** Opening SUPPLIED RECORDS block **

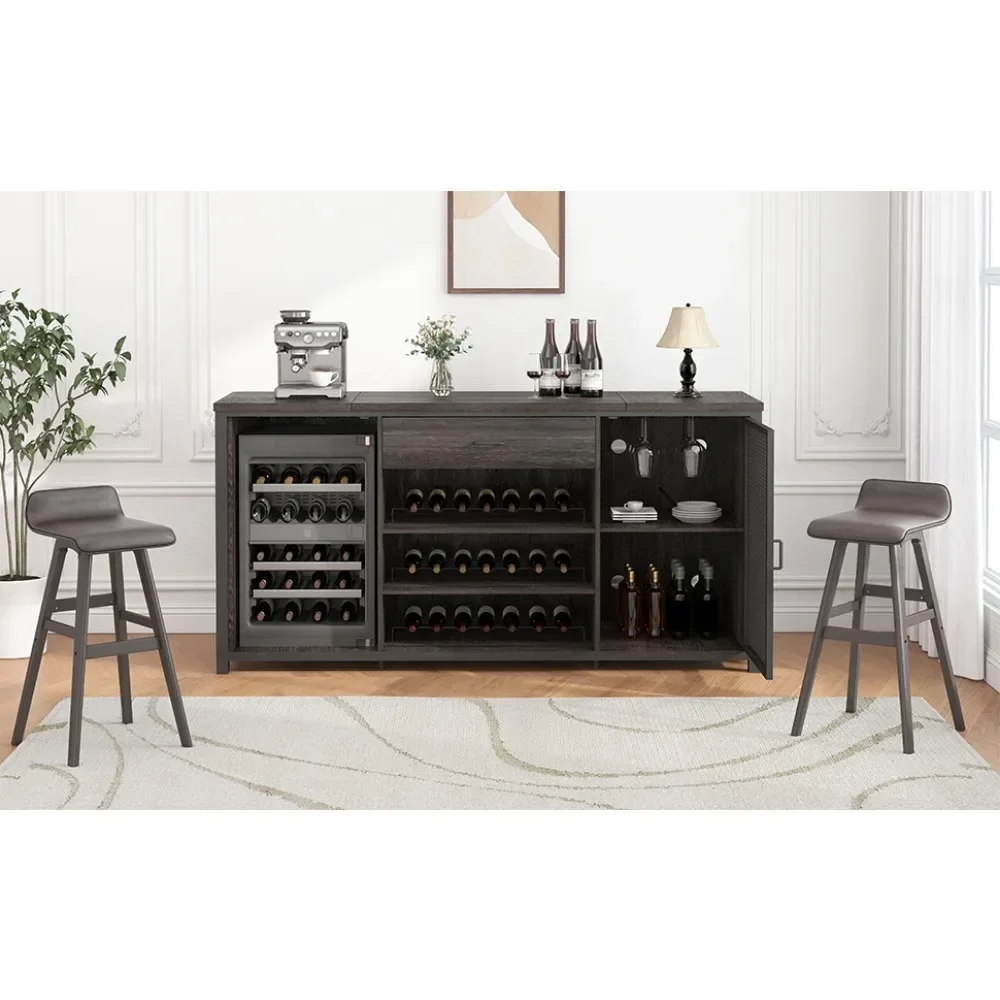 Bar Cabinet with Fridge Space, Liquor Cabinet with Drawers , Wine Rack, Sideboard Buffet for Kitchen Dining Room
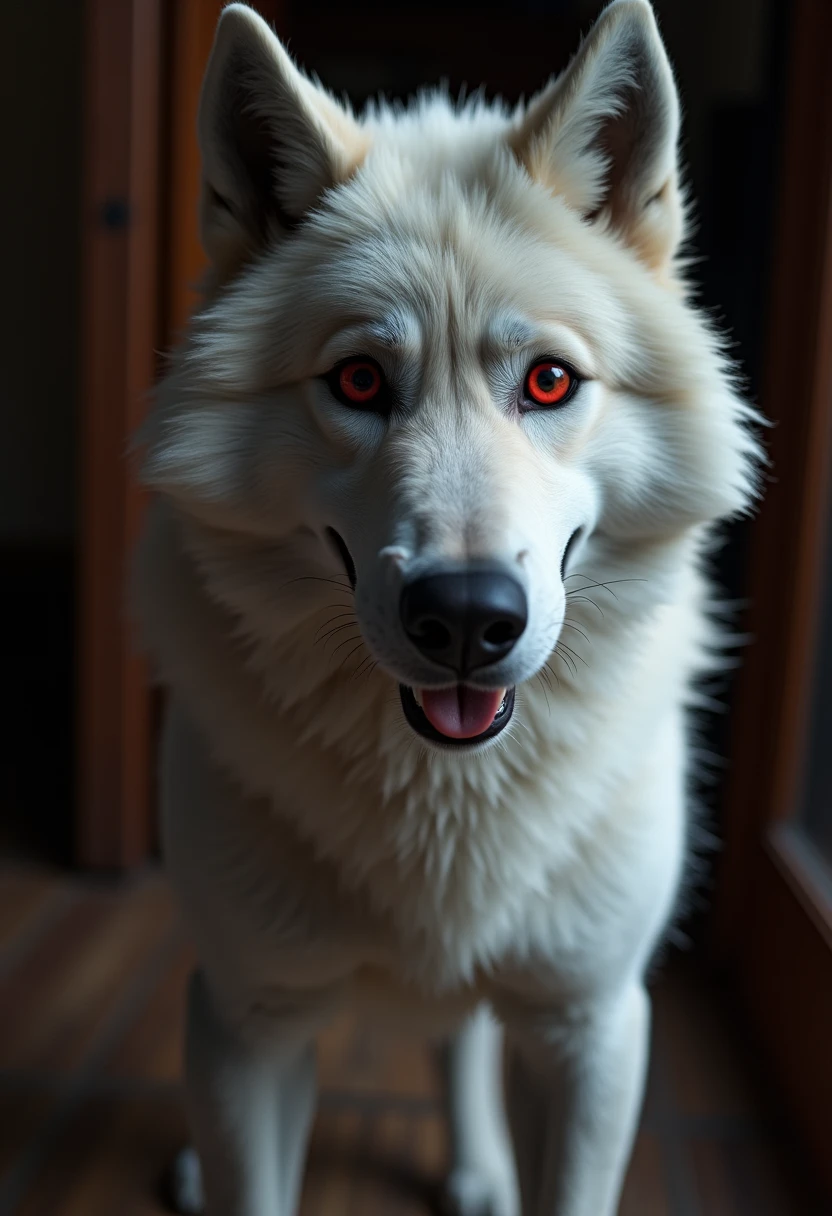 white wolf male. looking at the viewer, standing in the bedroom doorway. red eyes, Preventing viewer from entering,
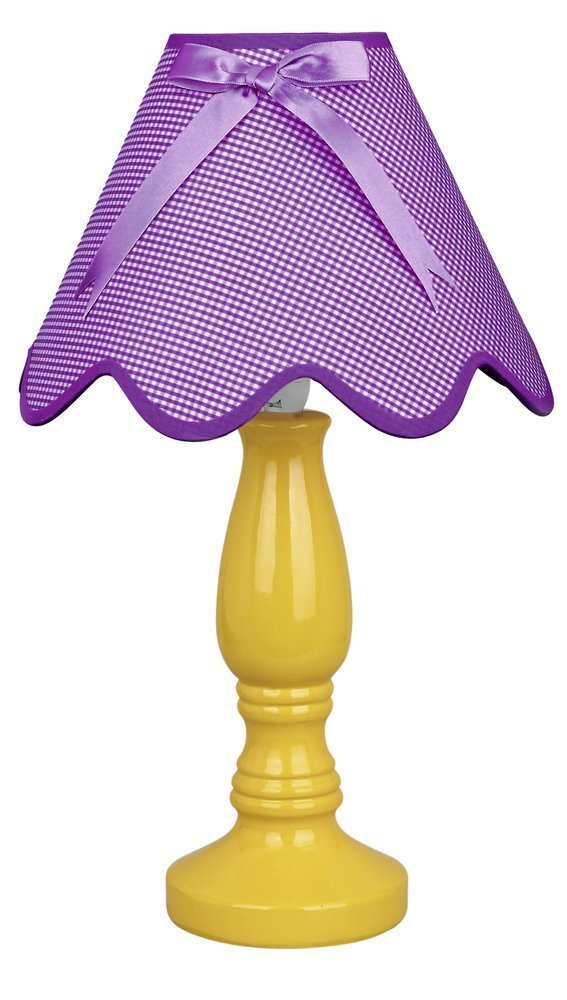 Keramická stolní lampa, žlutá a fialová, 60W, E27, Lola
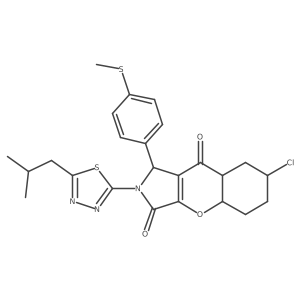 7-chloro-2-[5-(2-methylpropyl)-1,3,4-thiadiazol-2-yl]-1-(4-methylsulfanylphenyl)-4a,5,6,7,8,8a-hexahydro-1H-chromeno[2,3-c]pyrrole-3,9-dione Structure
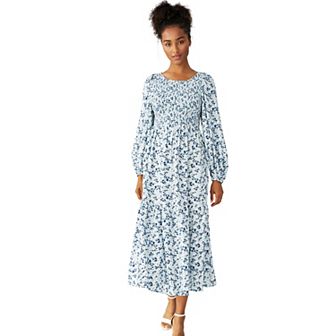 ellos Plus Size Smocked Bodice Tiered Midi Dress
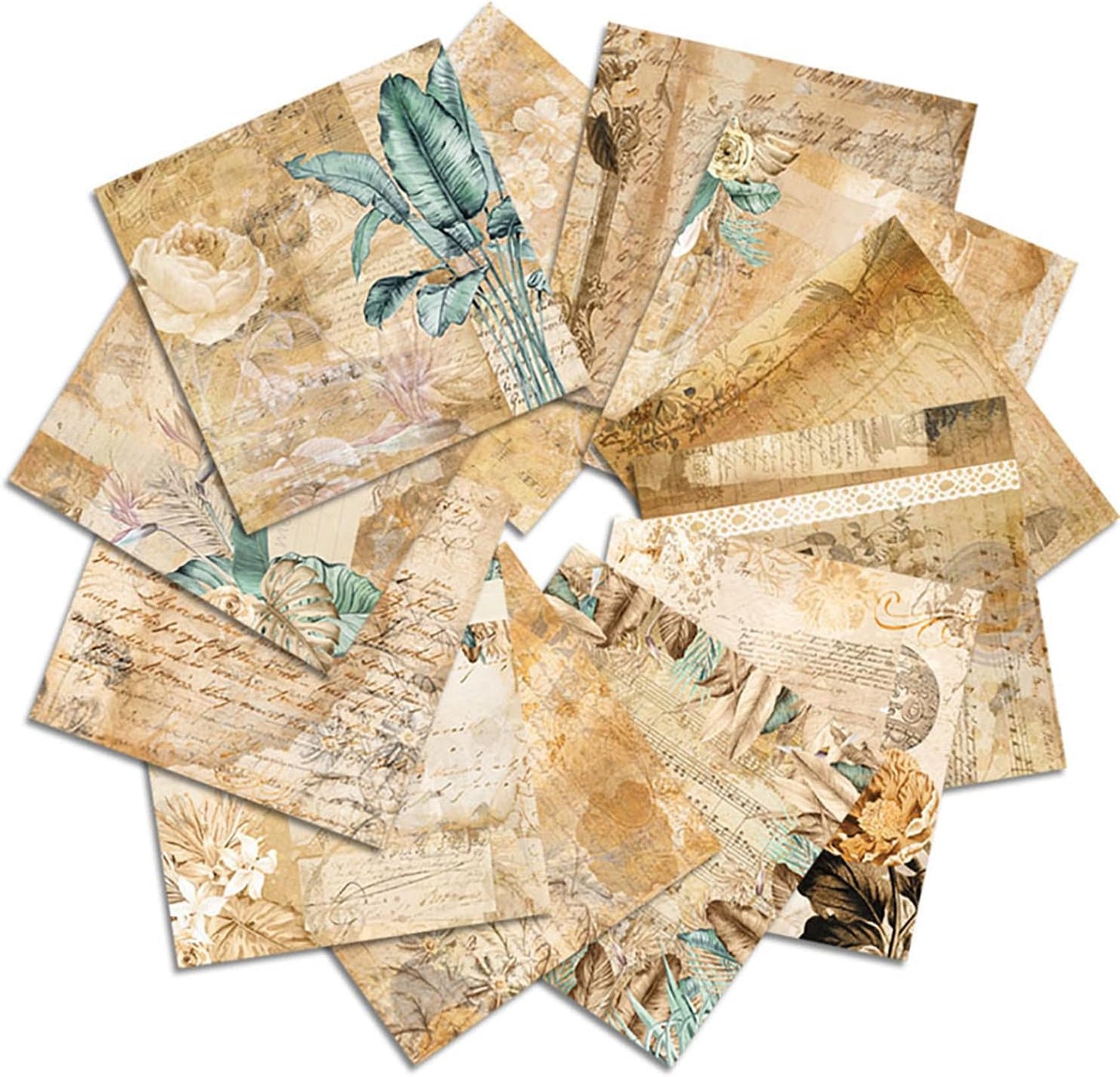 YASMEN Scrapbook Paper Pad 12x12, Vintage Patterned Cardstock, Single-Sided Decopodge, Retro Decorative Craft Paper, Scrapbooking Junk Journal Gift Card Making Supplies - 24 Sheets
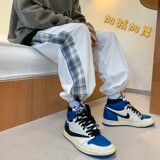 冬季加绒加厚玉米粒侧边拼接格子抽绳休闲裤XZ604-KP43-P55控68，男装卫衣，星座604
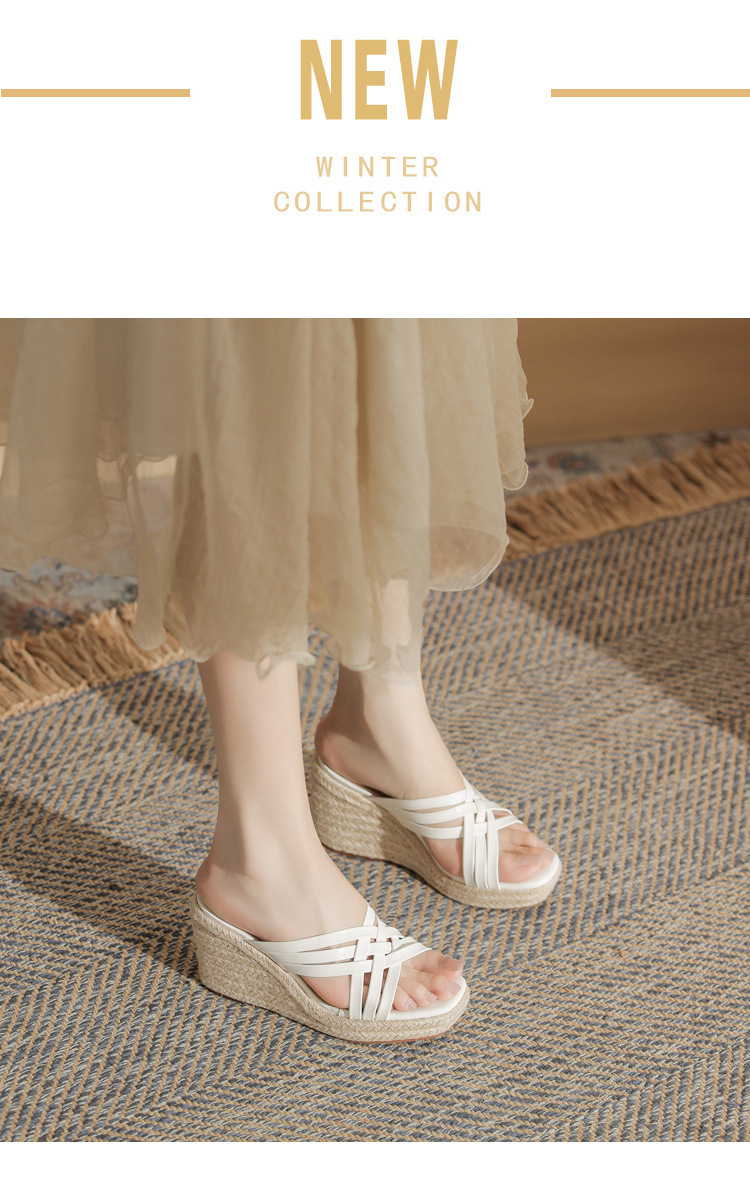 Sandal nữ quai ngang đế xuồng cao 9cm mũi hở phối quai bện — Màu bạc, Màu trắng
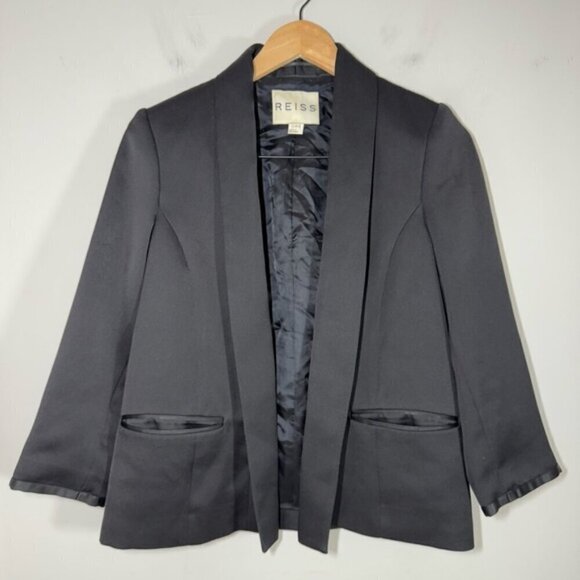 Reiss Violet Open Front Matt Black Jacket Blazer size S - Picture 3 of 8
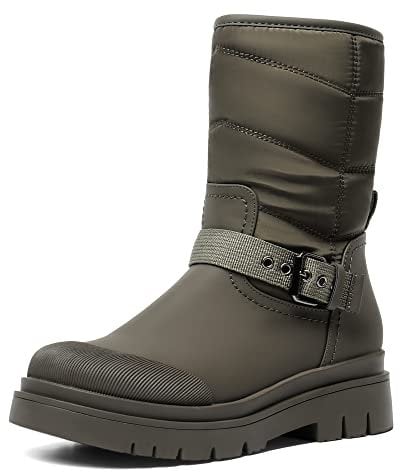 DREAM PAIRS Damen Schneestiefel Glattes PU Dicke Sohle mit Riemchenbesatz am RistOlivgrün,Size 38,Olivengrün,SDSB2202W-E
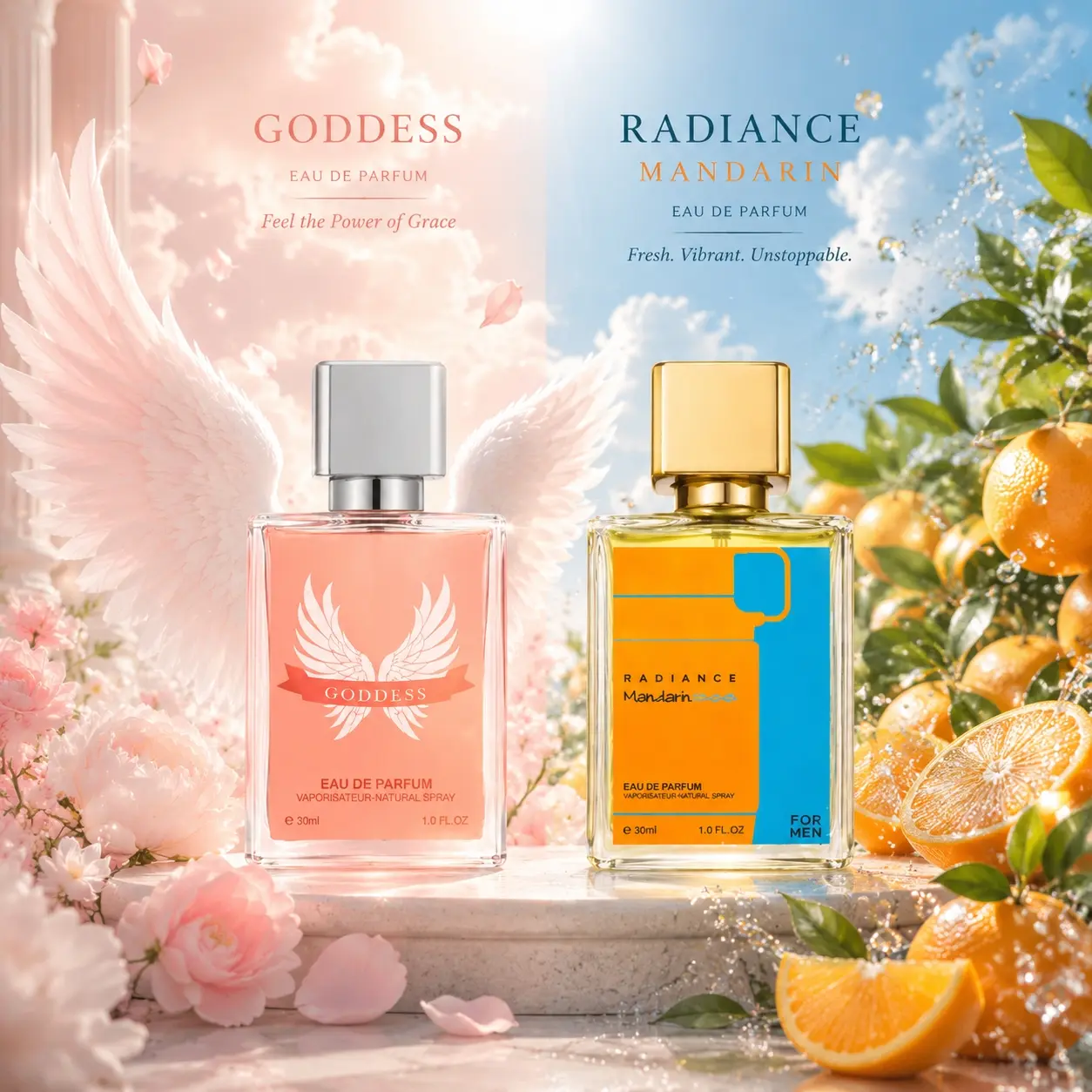 2pcs Perfume Set, Elegant Packaging, Long-Lasting Gift, Romantic Mature Gift, 30ML Mini Bottle, Portable, Ideal for Travel, Parties, Holidays, Perfume Duo Set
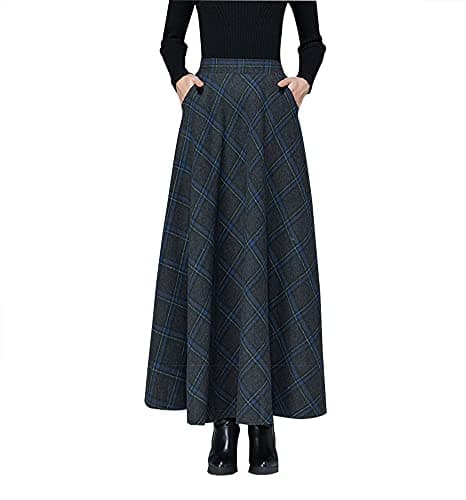 Artykey Women's High Waist Warm Plaid Wool Maxi Skirt S-3XL — A Blue Grey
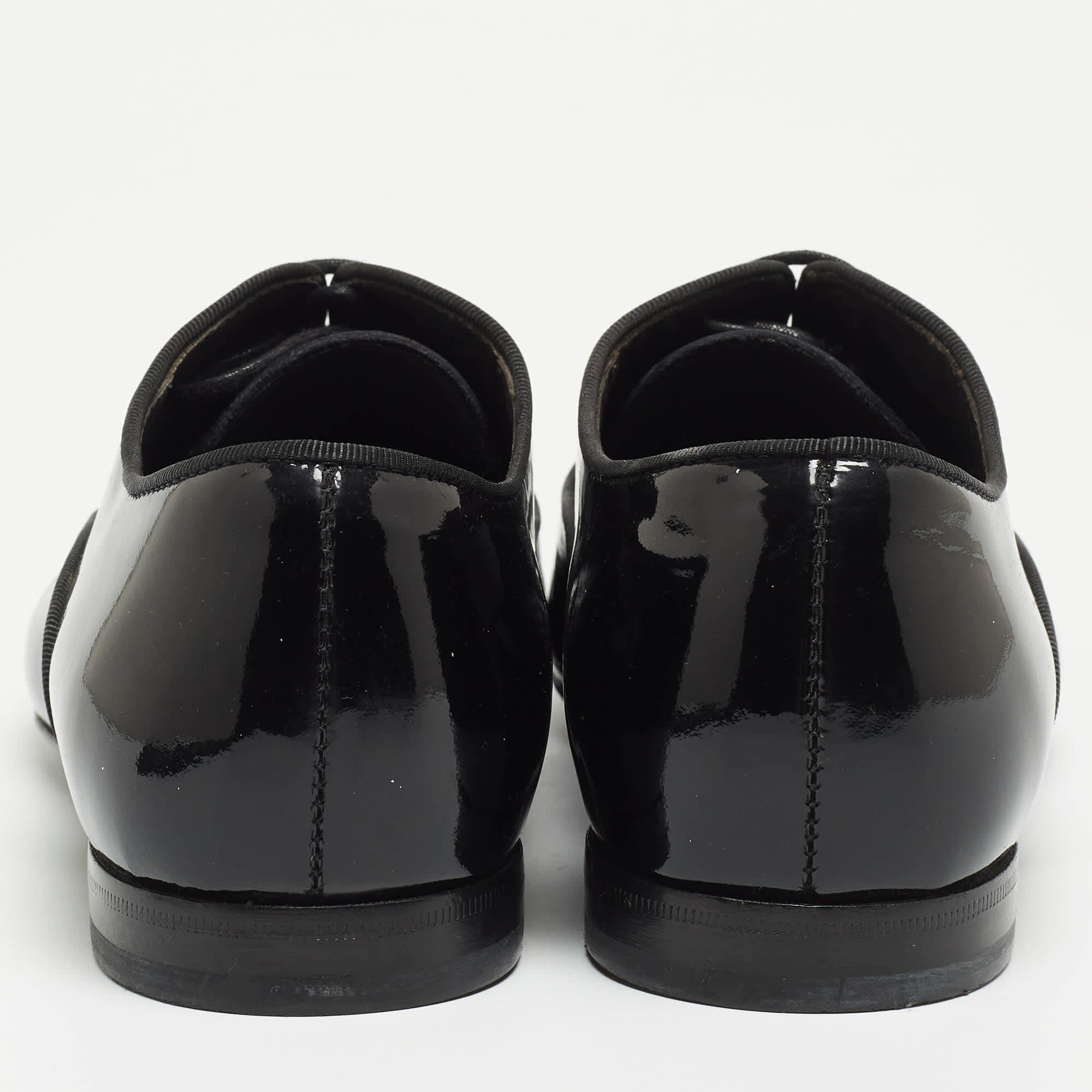 Lanvin Black Patent Leather Lace Up Oxford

** Closing SUPPLIED RECORDS block **

PROBLEM REQUIREMENTS: An exact copy is needed. It runs from the line above containing "YASMEN Scrapbook Paper" down to the line containing "Artykey Women's High", both included, with no pictures.

EXERCISE RESPONSE:
 YASMEN Scrapbook Paper Pad 12x12, Vintage Patterned Cardstock, Single-Sided Decopodge, Retro Decorative Craft Paper, Scrapbooking Junk Journal Gift Card Making Supplies - 24 Sheets
 冬季加绒加厚玉米粒侧边拼接格子抽绳休闲裤XZ604-KP43-P55控68，男装卫衣，星座604
 Sandal nữ quai ngang đế xuồng cao 9cm mũi hở phối quai bện — Màu bạc, Màu trắng
 Reiss Violet Open Front Matt Black Jacket Blazer size S - Picture 3 of 8
 DREAM PAIRS Damen Schneestiefel Glattes PU Dicke Sohle mit Riemchenbesatz am RistOlivgrün,Size 38,Olivengrün,SDSB2202W-E
 2pcs Perfume Set, Elegant Packaging, Long-Lasting Gift, Romantic Mature Gift, 30ML Mini Bottle, Portable, Ideal for Travel, Parties, Holidays, Perfume Duo Set
 Artykey Women's High Waist Warm Plaid Wool Maxi Skirt S-3XL — A Blue Grey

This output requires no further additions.